(Collected data)
◇ ◇ ◇ ◇ ◇

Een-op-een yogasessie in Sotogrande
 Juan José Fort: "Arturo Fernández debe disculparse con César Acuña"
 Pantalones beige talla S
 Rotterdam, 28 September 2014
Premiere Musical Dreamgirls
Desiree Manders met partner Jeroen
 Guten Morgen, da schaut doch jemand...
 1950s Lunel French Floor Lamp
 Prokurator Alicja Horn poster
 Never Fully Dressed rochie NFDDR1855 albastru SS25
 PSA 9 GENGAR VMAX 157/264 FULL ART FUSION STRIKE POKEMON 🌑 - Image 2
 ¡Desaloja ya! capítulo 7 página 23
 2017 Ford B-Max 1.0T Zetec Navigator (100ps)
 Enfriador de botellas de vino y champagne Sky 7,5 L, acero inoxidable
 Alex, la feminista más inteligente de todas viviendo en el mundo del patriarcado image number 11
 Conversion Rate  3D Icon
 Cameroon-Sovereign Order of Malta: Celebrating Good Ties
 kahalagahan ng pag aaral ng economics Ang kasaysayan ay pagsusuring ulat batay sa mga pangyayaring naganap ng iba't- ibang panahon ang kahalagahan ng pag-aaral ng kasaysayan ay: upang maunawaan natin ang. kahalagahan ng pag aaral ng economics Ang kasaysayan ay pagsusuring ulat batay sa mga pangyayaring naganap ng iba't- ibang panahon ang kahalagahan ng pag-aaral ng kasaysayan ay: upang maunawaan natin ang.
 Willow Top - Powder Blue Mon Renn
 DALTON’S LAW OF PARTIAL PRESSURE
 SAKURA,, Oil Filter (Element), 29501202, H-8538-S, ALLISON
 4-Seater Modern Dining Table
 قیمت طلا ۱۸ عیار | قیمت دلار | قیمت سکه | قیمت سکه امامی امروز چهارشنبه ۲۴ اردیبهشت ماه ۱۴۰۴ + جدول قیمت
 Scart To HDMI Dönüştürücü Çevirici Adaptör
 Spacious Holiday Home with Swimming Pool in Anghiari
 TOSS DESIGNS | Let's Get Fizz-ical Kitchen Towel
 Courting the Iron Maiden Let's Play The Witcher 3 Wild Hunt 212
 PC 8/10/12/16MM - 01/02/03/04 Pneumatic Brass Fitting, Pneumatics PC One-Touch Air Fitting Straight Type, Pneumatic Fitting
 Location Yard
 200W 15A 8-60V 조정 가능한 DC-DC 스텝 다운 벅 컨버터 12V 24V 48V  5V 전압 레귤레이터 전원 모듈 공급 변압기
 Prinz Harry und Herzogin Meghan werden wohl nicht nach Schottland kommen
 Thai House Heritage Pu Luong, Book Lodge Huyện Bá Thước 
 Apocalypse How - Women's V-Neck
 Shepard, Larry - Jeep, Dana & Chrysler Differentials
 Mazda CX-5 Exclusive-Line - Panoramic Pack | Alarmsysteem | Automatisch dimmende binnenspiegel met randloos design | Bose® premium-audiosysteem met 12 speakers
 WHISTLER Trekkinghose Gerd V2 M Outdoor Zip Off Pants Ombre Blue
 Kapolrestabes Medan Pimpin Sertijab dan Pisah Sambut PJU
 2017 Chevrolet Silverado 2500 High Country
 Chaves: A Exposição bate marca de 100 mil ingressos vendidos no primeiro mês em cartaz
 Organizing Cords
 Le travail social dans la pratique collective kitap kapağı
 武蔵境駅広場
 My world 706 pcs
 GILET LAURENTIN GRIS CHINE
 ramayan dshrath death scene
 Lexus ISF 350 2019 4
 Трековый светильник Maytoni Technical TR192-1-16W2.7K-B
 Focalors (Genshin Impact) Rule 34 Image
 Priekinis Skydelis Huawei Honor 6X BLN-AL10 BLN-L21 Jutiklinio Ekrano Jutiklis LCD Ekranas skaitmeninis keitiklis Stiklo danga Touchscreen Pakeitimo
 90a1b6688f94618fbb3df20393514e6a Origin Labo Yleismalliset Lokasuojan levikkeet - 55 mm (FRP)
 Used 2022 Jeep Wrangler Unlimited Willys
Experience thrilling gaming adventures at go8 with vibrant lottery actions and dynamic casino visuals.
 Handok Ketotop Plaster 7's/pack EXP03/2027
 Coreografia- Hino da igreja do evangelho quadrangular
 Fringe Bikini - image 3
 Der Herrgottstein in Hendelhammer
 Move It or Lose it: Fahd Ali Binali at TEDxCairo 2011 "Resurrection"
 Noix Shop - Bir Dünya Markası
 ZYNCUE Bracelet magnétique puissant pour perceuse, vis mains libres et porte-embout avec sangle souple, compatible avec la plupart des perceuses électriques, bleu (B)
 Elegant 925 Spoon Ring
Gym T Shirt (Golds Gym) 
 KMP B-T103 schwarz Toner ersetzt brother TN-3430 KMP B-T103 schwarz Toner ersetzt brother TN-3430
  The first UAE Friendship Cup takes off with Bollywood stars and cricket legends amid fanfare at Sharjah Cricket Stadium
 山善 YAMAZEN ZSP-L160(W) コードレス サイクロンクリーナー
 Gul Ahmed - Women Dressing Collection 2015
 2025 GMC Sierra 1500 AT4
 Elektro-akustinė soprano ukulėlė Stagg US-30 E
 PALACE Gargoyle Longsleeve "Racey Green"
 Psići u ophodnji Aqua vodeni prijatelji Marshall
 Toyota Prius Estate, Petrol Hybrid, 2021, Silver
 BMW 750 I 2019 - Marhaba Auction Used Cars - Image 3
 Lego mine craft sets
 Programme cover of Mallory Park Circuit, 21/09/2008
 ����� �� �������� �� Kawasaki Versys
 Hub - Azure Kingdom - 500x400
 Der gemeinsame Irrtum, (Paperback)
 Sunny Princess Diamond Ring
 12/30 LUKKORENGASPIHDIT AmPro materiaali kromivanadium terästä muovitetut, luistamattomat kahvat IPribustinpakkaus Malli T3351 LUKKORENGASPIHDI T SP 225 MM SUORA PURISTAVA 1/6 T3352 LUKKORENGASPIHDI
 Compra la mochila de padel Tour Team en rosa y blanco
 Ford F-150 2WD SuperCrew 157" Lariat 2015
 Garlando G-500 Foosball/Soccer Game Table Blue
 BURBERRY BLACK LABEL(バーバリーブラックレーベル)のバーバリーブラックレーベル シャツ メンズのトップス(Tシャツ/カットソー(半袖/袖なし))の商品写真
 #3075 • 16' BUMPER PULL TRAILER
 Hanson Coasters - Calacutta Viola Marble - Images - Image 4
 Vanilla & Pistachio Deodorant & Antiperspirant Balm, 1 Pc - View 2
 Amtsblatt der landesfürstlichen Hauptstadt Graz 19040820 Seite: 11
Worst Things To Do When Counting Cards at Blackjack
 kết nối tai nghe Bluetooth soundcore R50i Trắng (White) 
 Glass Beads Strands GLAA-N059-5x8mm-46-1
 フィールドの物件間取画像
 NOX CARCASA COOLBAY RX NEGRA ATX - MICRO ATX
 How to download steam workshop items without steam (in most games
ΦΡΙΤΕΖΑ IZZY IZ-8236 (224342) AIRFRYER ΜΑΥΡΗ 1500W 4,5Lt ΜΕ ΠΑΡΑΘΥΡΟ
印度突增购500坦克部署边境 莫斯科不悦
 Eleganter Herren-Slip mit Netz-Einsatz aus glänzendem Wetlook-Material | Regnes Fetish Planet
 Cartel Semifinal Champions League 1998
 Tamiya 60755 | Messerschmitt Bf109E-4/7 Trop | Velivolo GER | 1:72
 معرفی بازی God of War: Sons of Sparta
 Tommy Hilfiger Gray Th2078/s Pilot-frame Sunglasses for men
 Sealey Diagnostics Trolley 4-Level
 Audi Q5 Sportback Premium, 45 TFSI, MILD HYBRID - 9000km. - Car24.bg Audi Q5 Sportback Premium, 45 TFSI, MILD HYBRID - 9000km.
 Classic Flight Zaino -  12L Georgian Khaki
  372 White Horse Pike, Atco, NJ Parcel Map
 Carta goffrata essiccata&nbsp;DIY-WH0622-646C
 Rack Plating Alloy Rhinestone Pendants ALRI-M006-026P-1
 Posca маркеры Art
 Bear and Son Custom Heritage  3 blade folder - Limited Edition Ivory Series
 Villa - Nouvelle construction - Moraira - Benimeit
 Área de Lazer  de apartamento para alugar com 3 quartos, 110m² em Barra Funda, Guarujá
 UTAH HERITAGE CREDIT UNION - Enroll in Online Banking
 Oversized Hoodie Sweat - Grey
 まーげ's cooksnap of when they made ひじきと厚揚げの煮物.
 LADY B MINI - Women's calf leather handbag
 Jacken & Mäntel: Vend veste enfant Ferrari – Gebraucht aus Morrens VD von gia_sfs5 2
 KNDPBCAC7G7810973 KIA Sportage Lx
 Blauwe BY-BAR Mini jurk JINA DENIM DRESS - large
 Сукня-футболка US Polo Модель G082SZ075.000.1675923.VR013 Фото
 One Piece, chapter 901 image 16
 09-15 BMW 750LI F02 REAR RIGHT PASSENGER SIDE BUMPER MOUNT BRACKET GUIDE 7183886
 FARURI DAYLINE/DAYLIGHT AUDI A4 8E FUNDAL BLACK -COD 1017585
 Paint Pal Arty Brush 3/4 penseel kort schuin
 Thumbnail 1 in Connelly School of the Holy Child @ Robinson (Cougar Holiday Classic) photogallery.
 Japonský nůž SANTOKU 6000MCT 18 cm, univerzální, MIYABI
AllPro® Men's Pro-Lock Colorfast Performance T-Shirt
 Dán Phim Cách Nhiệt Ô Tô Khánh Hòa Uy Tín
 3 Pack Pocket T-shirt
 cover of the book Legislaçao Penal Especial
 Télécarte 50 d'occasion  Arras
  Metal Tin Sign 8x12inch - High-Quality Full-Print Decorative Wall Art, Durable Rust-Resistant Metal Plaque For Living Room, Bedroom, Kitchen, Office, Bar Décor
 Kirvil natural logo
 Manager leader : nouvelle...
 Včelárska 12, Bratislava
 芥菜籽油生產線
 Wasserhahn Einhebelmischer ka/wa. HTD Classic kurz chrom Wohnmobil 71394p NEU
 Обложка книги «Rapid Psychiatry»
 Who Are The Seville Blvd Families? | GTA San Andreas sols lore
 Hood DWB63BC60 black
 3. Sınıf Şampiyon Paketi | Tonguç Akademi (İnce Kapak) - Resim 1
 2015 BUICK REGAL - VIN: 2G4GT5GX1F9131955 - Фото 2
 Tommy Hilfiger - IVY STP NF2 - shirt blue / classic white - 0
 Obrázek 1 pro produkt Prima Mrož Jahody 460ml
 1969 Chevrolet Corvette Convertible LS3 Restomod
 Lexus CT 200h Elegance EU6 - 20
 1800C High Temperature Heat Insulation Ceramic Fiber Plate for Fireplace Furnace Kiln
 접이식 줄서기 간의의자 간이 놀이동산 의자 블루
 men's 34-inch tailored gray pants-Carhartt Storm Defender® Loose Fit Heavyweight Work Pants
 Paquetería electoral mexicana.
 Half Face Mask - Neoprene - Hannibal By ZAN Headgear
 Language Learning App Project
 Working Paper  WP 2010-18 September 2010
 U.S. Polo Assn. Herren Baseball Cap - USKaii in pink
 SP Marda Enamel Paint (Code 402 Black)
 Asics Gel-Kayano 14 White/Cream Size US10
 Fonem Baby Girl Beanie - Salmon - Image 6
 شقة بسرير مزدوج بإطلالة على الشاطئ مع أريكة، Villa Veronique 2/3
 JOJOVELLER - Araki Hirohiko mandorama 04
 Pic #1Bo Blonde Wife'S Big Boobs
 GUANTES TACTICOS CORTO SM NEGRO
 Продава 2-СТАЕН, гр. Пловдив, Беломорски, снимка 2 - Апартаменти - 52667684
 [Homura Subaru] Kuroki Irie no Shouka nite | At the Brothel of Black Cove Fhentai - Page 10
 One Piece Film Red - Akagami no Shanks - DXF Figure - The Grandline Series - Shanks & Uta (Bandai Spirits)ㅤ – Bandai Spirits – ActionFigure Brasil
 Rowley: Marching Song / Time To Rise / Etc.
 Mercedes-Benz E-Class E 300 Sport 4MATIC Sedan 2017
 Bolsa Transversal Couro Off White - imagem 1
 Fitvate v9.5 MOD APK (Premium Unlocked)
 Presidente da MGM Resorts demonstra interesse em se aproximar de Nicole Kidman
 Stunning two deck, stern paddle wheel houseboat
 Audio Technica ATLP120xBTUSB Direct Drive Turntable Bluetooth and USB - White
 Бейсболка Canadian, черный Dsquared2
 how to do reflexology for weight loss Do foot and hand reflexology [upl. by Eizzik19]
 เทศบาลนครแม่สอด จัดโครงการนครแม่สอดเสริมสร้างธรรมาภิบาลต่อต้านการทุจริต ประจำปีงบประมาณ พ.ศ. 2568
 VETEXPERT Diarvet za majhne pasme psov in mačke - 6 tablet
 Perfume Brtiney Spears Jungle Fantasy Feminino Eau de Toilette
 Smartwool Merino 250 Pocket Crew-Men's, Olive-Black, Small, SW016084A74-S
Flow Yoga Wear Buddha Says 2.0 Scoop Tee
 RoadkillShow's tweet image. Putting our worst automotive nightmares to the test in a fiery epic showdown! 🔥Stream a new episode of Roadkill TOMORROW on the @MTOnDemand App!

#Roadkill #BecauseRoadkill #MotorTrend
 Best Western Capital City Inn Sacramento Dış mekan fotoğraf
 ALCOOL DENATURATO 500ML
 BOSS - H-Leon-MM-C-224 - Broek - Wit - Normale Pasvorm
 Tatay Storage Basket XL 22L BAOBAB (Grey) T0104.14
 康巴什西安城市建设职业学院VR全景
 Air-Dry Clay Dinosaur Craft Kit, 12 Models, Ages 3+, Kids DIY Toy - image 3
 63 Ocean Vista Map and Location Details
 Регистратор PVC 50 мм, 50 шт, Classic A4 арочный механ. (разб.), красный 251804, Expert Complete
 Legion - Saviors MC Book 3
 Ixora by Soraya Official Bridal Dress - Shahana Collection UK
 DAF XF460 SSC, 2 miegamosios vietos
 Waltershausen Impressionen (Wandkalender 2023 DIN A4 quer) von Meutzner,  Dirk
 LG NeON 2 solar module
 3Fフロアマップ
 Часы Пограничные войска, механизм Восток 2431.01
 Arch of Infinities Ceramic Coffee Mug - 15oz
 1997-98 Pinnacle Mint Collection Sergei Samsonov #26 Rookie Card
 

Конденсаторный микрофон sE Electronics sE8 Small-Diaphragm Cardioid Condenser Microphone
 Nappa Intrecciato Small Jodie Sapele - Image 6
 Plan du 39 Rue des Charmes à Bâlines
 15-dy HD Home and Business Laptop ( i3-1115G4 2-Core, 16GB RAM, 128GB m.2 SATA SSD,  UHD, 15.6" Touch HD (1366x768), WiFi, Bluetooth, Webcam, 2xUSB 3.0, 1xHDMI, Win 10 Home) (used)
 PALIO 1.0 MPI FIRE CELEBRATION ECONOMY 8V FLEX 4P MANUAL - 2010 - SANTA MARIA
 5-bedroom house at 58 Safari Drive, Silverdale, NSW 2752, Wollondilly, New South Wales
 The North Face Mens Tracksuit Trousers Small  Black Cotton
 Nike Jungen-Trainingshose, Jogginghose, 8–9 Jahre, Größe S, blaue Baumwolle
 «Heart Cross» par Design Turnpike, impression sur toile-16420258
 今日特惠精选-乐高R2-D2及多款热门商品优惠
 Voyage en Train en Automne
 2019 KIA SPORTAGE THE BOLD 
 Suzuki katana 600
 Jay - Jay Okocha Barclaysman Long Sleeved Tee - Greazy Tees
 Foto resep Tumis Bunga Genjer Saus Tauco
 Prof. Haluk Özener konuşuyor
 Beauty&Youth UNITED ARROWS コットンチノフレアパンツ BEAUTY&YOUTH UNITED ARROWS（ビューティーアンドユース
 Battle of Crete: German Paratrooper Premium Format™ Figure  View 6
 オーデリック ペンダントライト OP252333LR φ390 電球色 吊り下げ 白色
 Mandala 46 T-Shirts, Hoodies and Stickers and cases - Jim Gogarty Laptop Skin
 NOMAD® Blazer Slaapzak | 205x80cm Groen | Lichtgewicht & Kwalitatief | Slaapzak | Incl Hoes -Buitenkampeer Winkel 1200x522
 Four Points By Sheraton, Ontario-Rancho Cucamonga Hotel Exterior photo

◇ ◇ ◇ ◇ ◇

The lines above, starting at the one with "Classic Flight Zaino" and ending at the one with "Área de Lazer", are the only ones to return, exactly as written.

**Solution to this task**
 Classic Flight Zaino -  12L Georgian Khaki
  372 White Horse Pike, Atco, NJ Parcel Map
 Carta goffrata essiccata&nbsp;DIY-WH0622-646C
 Rack Plating Alloy Rhinestone Pendants ALRI-M006-026P-1
 Posca маркеры Art
 Bear and Son Custom Heritage  3 blade folder - Limited Edition Ivory Series
 Villa - Nouvelle construction - Moraira - Benimeit
 Área de Lazer  de apartamento para alugar com 3 quartos, 110m² em Barra Funda, Guarujá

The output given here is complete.